While some Apple fans were outraged at what they saw as blatant copying of Apple features, my view is that this is good news for Android and iPhone users alike …
First off, the company has announced that it will expand its AirDrop-like “Nearby Share” feature to Windows PCs, allowing Android users to easily and wirelessly share photos, videos, and files from Android phones to PCs. This is, of course, incredibly similar to using AirDrop between an iPhone and Mac.
In the audio space, Google has announced that it will bring its Fast Pair feature to Windows PCs, Google TV, Android TV, and Matter-compatible smart home products. This means that Fast Pair-compatible headphones will be able to seamlessly connect to these devices, just like AirPods can effortlessly pair with iPhone, iPad, Mac, Apple Watch, and Apple TV.
Google went on to describe its plans to allow Wear OS smartwatches to unlock Chromebooks, and to adopt Spatial Audio.
Of course, Apple has borrowed from Android just as Google has borrowed from Apple, so neither company can be too surprised or aggrieved when this sort of thing happens. All the same, the extent of this replication is unarguably aggressive on Google’s part. If I were in Tim Cook’s place, I might feel at least a little peeved.

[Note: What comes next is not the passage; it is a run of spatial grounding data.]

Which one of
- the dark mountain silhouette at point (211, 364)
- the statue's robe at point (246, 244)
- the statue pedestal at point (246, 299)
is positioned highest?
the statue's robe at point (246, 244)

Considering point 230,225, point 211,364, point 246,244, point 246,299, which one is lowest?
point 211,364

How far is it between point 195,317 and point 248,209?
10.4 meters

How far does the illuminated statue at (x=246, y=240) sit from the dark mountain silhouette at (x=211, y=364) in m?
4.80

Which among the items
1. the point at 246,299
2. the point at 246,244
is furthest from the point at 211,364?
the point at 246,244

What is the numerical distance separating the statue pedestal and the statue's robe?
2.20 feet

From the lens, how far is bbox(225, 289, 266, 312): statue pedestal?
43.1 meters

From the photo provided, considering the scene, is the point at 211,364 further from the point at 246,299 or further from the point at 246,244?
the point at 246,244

As an Apple customer, however, I’m delighted. The Apple ecosystem is my number-one reason for choosing the company’s devices, and it’s one of the main reasons for switchers to move from Android – but we all know that things don’t always work perfectly
I still use Dropbox rather than iCloud because it syncs faster. I still sometimes have to copy, paste, and email text to myself when I want to instantly switch devices and Handoff is still waiting to, er, handoff. My Apple Watch generally unlocks my Mac, but there are times when it says it’s unlocking and then fails, and other times when my Mac doesn’t even acknowledge the existence of my Watch. I could go on, as I’m sure we all could.
So when Google starts offering the same benefits in the Android/Chromebook ecosystem, that puts a lot of pressure on Apple to do two things: add new ecosystem benefits to stay ahead, and improve the performance and reliability of existing ones. That’s a win for everyone; bring it on.